Regresso então ao número 8 do meu sonho, deixando cair os zeros que seriam o seu reforço, mas notando que o número é feito da sobreposição de dois zeros, dois círculos, e que o círculo é num mandala a primeira forma perfeita de suporte do resto do desenho que se vai ampliar.

Ampliar (como na amplificatio dos alquimistas) é para Jung ao mesmo tempo aprofundar e abarcar o sentido do arquétipo que no sonho está contido. A lição que nos vai ser dada, se lhe prestarmos a devida atenção.

Alguns factos são importantes, no sonho:

O andar está à venda

Não aparece ninguém que ofereça o que vale

Só uma pessoa quis dar oitenta mil contos

Isso não interessa, prefiro esperar

Fixei o 8 

O andar é a casa, e a casa é a alma. Está em baixo o seu preço, mas eu desejo a venda...por um preço mais justo. Vou aguardar, isto é, assim não vendo. Acordo com o número na cabeça, e fixo-me no oito, na sua forma de duplo círculo, por um lado, mas indo procurar o que há sobre o simbolismo do 8 nos mitos fundadores, nas lendas mais antigas, nos textos sagrados, como a Bíblia, por exemplo.

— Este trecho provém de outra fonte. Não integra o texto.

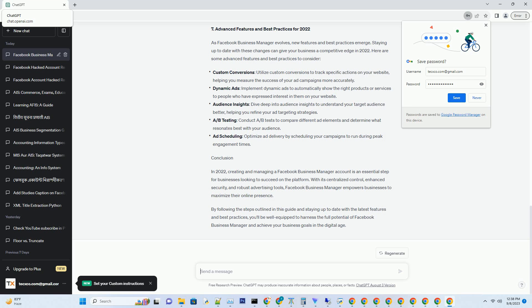A/B Testing: Conduct A/B tests to compare different ad elements and determine what resonates best with your audience. Ad Scheduling: Optimize ad delivery by scheduling your campaigns to run during peak engagement times.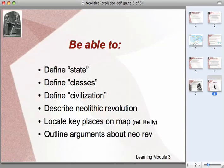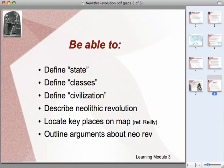By the time you're done with this whole unit, you should be able to define a few terms — terms like state, classes of people, and civilization. You should be able to describe the Neolithic Revolution, locate key places on a map, and outline the arguments about the Neolithic Revolution: how it happened, what its impact is, what it means to us, and how it relates to the development of civilization.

Lemos no Antigo Testamento como a criação se deu em seis dias e ao sétimo dia Deus contemplou a sua obra e descansou. Mas o que se segue então, já que a criação não foi interrompida? Como é definido o oitavo dia? O que vê Deus ao acordar do seu descanso? Passeando no Jardim do Éden, pela brisa da manhã, vendo que Adão se escondia com Eva entre as árvores chama por ele: Onde estás?

Ouvi os teus passos no jardim, respondeu ele; e escondi-me porque estou nú. Deus fica assim a saber que tinham comido da árvore proibida, do conhecimento do bem e do mal, e assistimos então à Queda e expulsão do Paraíso (Génesis 3, 11).

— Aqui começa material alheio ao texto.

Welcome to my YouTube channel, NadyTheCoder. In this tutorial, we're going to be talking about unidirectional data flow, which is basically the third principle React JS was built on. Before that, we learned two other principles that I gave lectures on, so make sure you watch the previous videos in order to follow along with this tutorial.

Este é o oitavo dia, o do castigo da espécie humana, figurada neste par primordial de Adão e Eva, por terem caído na tentação da serpente, comer do fruto proibido desobedecendo ao imperativo divino, e sendo castigados e expulsos por isso de um Éden também ele mítico e primordial.

O 8 é aqui um número de transição: da imortalidade para a mortalidade do castigo.

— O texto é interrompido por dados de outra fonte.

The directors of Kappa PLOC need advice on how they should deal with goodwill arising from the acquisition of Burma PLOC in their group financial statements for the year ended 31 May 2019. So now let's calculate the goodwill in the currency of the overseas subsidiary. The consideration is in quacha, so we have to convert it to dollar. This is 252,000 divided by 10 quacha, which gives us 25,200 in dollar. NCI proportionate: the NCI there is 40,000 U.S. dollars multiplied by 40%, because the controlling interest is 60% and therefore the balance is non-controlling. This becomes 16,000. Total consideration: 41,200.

Passando por enquanto adiante do seu significado nas tradições orientais, hindú  e budista, que valorizam a figura do octógono, coloquemos o número 8 na esfera de mediador ( mediação é também transição, de um modo para outro) entre o círculo e o quadrado, ou ainda, entre o céu e a terra, como o Génesis nos sugere indirectamente. Por outras palavras, com o número 8 entramos em relação com o chamado mundo intermediário e segundo alguns autores anuncia, no seguimento dos dias da criação, o futuro, que já é a Ressurreição de Cristo e através dele a Ressurreição do homem. Se o número 7 pertence ainda ao Antigo Testamento, o número 8 anuncia e pertence já ao Novo Testamento (Augustin Luneau, l’Histoire du Salut chez les Pères de l’Église, 1964, pp.338-339). Santo Agostinho sublinha essa ideia, de que para lá do sétimo dia, com o oitavo é marcado o momento dos Justos e a condenação dos ímpios.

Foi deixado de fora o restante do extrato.